An Trennungsspezialisten gibt es keinen Mangel. Sie sortieren und sondern aus. Sie heben Gräben aus und bauen Zäune. Sie formulieren die Regeln dafür, wer dazugehört und wer außenvor zu bleiben hat. Sie wollen Hirte und Hirtenhund in einem sein. Und das ist nicht nur heute so. Es ist vielmehr die Urversuchung der Menschen. Der Versuch, sich irgendwie gottgleich gebärden zu wollen. Nicht einmal in der Kirche sind wir davor gefeit. Die Kirchen, die in Südafrika die Rassentrennung religiös begründeten und überhöhten, sind dafür genauso ein Beleg wie die „Deutschen Christen“ der Nazizeit.

Eine „rassenreine“ Kirche wäre Verrat an dem einen Hirten und – das Ende der Kirche. Zwei Wochen nach Passion und Ostern sei daran erinnert: Es ist ein Afrikaner, der Jesus das Kreuz trägt. Und es ist ein heidnischer römischer Hauptmann, der unter dem Kreuz die Gottesnähe des Getöteten erkennt.

Kirche ist allemal eine Versammlung von Menschen mit Migrationshintergrund, die Gott in der Fremde seine Nähe feiern lässt. Und die gerade so zur Einheit in Vielfalt anstiftet.

Ungleiche Schwestern

Jubilate, 12. Mai

Als er die Grundfesten der Erde legte, da war ich beständig bei ihm; ich war seine Lust täglich und spielte vor ihm allezeit. (Sprüche 8, 29–30)

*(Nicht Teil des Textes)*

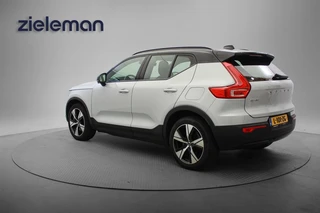 Volvo XC40 – thumbnail 3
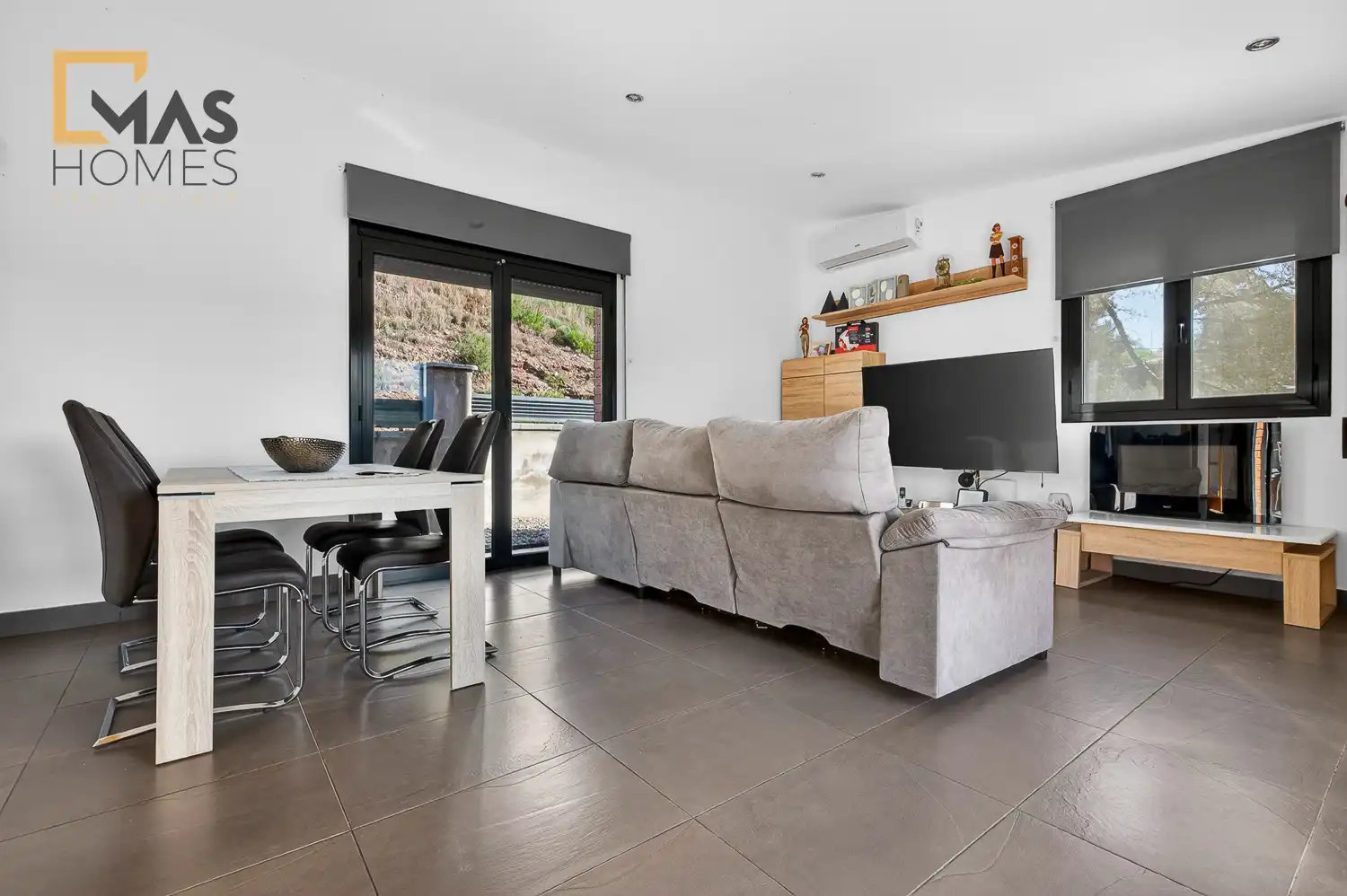 Sala d'estar de Casa o xalet en venda en Sant Llorenç Savall amb Aire condicionat, Calefacció i Jardí privat
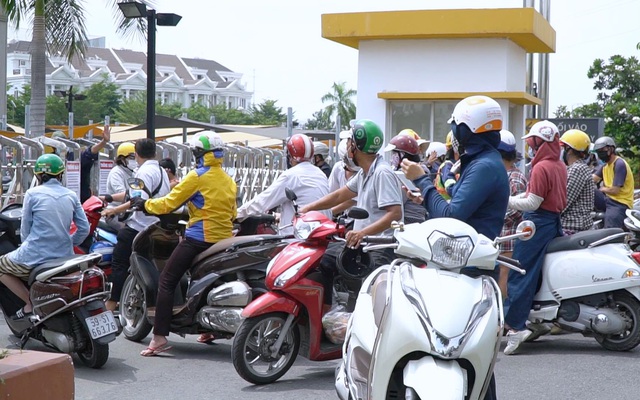 TP.HCM: Người dân xếp hàng dài mua đồ sau quyết định 'ai ở đâu ở yên đó' từ 0h ngày 23/8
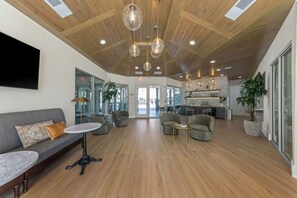 Interior - Coastal Luxe Apt w/Pool/ Gym/FREE Parking/ Balcony (Largo)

Sage nur niemand, bei Gott gehe es nur todernst zu. Hier wird diese Annahme aus erster Hand widerlegt. Es ist die Weisheit, die mit Gott die Wohnung teilt. Sie ist schon da, als sonst noch nichts ist. Sie spielt vor Gott und erfreut Gottes Herz, noch ehe das Spiel der Schöpfung seinen Anfang nimmt. Hier wird ein seltener Einblick in die Wirklichkeit, ja in die Wohnwelt Gottes, gewährt. Auf überraschende Weise wird klar, dass Gottes Sein vor allem Anfang ein Sein mit anderen ist. Es ist Gott eine Freude, nicht allein zu sein. Und es zeichnet Gott aus, dass für ihn das Zusammensein mit der Weisheit purer Lustgewinn ist.

Der Logos, von dem am Anfang des Johannesevangeliums berichtet wird, „das Wort“, wie Martin Luther übersetzt, mag die Schwester dieser Weisheit sein. Aber während von diesem Wort berichtet wird, dass es sich in die Welt aufmacht und als Mensch unter die Menschen, verbleibt das Spiel der Schwester Weisheit stets im Umfeld Gottes.

Wir haben es also mit zwei ungleichen Schwestern zu tun, den beiden Söhnen im Gleichnis vom barmherzigen Vater nicht unähnlich. Und dass hier die Schwester Weisheit im Blickpunkt steht, vermittelt die Ahnung einer vorinkarnatorischen Theologie. Gott ist schon bei sich, ehe er Gott für uns und mit uns ist. Noch ehe seine Sehnsucht, mit anderen zusammen zu sein, im Blick auf die Weisheit erste Erfüllung findet. Aber Gottes Sehnen nach Gemeinschaft ist noch nicht am Ziel. Dazu braucht es die Schöpfung in ihrer ganzen Fülle. Im Grunde ist sie ein Spiegelbild von Gottes lustvollem Sein mit der Weisheit, nur in einer völlig anderen Dimension. Die Hoffnung bleibt, dass der Mensch, dem es an dieser Weisheit oft mangelt, Gottes Freude an der Schöpfung nicht allzu nachhaltig trüben kann.